Cette correspondance à distance dévoile, révèle, œuvre à l’émergence d’une part d’intime personnel et collectif. Tout se tisse peu à peu et ce qui devient important n’est pas tant les mots ou les images échangés, plutôt ce que l’ensemble porte de sens.
Parce qu’il y a ici trois langues, de nombreuses personnes qui participent à la création du livre, cet acte de télépathie perd peu à peu l’aspect binaire (Bianca et Patricia) pour devenir un espace commun, un lieu de pensée pour tous les lecteurs et lectrices. Chacune, pourtant, vit avec une représentation toute personnelle de l’autre, c’est justement, ce qui est essentiel ; peut-on, par la pensée, par la simple force de la pensée, transmettre à l’Autre ce que nous pensons, croyons, imaginons de lui ? Cet Autre a-t ’il les capacités de recevoir nos « mots » ? Et surtout qu’est-ce qu’il a de nous dans l’Autre et vice-versa ?

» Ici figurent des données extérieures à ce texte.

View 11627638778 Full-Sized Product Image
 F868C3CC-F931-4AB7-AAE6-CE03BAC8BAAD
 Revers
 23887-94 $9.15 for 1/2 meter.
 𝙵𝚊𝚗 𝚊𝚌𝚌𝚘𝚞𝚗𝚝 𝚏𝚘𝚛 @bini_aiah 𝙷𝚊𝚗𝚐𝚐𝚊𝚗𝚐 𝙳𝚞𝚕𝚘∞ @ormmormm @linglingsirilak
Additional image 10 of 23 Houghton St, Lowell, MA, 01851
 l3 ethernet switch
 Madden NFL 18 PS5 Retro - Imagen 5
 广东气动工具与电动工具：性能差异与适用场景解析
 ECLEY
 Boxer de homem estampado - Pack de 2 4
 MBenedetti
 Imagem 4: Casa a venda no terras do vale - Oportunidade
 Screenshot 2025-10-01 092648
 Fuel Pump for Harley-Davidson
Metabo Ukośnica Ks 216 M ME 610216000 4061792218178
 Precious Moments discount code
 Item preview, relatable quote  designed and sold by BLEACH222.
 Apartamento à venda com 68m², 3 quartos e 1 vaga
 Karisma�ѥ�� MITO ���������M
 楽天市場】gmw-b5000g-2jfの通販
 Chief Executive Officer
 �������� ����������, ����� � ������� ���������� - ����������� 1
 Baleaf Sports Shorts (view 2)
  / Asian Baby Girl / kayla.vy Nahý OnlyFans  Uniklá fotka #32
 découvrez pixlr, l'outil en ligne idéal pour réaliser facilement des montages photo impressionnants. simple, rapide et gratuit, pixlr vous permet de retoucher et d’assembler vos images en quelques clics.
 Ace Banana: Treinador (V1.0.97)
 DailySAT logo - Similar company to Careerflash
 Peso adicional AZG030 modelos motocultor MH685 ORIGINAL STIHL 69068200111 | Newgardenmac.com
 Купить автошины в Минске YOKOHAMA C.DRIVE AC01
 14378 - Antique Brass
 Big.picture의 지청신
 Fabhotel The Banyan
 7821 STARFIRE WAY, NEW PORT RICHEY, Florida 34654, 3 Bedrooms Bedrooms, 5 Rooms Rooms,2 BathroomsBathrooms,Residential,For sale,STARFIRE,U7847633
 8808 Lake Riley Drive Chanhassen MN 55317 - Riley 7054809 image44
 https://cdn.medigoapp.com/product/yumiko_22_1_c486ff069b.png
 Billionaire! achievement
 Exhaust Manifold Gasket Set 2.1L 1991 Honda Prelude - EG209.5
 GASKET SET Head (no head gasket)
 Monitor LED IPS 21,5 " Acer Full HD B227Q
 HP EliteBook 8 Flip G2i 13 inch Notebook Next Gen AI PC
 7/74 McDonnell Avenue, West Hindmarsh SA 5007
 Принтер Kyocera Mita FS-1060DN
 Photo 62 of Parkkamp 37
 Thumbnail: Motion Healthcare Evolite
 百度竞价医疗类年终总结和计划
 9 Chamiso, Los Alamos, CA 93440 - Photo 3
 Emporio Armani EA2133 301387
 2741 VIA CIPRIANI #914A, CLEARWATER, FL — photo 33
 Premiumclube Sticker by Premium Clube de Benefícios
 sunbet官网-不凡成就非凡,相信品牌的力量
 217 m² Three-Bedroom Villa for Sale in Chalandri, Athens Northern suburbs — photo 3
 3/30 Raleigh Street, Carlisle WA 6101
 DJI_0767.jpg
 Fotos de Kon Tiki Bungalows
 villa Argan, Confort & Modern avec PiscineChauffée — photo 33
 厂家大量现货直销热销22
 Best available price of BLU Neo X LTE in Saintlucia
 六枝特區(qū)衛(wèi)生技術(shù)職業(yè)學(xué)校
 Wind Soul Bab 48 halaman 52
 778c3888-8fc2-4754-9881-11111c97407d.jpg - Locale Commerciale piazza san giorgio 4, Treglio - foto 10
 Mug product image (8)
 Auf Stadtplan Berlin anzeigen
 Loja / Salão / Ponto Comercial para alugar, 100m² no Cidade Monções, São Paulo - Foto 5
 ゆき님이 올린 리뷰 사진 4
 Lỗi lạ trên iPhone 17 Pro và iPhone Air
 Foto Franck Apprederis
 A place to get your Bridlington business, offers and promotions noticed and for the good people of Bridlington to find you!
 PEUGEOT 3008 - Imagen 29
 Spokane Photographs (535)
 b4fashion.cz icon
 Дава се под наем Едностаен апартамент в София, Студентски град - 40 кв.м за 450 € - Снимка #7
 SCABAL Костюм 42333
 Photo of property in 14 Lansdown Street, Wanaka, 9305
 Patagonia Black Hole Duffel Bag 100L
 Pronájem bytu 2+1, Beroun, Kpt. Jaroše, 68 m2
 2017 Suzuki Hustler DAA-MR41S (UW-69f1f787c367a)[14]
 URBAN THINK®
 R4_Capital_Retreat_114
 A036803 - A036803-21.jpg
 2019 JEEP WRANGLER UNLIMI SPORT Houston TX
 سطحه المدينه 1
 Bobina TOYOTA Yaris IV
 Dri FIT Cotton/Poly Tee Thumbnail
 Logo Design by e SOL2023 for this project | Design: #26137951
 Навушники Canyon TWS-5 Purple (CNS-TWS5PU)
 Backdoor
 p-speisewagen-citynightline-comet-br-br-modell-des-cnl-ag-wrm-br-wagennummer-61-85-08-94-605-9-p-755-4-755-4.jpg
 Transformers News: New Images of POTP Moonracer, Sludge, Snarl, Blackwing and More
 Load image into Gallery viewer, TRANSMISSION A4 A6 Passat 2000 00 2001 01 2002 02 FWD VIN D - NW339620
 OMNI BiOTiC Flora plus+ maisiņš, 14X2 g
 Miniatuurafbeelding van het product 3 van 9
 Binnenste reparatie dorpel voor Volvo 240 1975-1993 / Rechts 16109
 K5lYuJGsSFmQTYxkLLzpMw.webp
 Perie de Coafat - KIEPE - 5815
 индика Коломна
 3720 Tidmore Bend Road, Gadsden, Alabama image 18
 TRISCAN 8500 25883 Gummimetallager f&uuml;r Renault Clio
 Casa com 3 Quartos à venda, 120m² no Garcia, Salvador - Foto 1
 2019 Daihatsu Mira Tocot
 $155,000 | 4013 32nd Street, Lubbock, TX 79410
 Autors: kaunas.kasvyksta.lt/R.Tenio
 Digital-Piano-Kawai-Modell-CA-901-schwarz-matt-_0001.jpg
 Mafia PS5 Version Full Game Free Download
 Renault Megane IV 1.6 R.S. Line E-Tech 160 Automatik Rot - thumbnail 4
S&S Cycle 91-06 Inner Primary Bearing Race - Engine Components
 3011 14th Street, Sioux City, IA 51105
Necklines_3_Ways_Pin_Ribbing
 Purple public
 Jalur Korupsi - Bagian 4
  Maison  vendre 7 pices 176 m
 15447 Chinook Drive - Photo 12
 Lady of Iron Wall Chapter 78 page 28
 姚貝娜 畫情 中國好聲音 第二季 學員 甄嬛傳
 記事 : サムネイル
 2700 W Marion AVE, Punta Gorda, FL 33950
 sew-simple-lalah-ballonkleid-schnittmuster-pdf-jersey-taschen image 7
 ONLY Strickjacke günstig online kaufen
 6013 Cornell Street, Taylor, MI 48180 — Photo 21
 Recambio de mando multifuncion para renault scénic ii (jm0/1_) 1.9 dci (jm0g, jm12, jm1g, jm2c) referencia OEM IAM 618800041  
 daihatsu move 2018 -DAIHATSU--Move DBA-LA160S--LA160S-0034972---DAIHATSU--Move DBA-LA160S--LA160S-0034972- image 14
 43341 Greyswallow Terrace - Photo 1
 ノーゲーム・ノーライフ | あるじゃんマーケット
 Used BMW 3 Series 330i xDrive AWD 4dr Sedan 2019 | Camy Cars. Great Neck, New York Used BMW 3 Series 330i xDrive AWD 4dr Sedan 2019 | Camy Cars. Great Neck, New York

Il n’y a bien évidemment pas de réponse absolue, et il ne faut pas ici prendre la télépathie comme une sorte d’acte occulte, plutôt comme un lieu où se jouent nos représentations.
C’est ce qui donne à Télépoétique ce parfum un peu étrange de voyage, de découverte, de rencontre. Au départ, il y a une sensation déroutante de dislocation, les repères manquent et le texte de Jacques Derrida n’étant pas des plus aisés, la lecture a quelque chose d’heurtée, sans que l’impression soit désagréable cependant. Puis, peu à peu les choses s’ouvrent et le parcours devient passionnant.
On suit ces échanges, on s’interroge sur leurs significations, sur notre capacité à faire de même, à partager des mots, des images, à ressentir avec l’Autre, à entretenir une relation au-delà de… Il y a la prise de conscience de la représentation, de l’idée que nous nous faisons des autres, du monde, mais aussi et c’est primordial de ce que nous voulons mettre dans ce monde et ces relations. Les dialogues s’instaurent dans le silence, on se parle à Soi, tout peut faire sens.
Patricia Morosan, Bianca Oana, mais aussi l’éditrice Céline Pevrier défrichent de nouveaux axes avec ce livre. La photographie et le texte peuvent aller vers des dimensions créatives nouvelles. C’est ainsi qu’il faut lire Télépoétique : comme une tentative qui ne demande qu’à devenir pérenne, mais aussi une ouverture sur ce qui nous entoure et qui infuse en nous.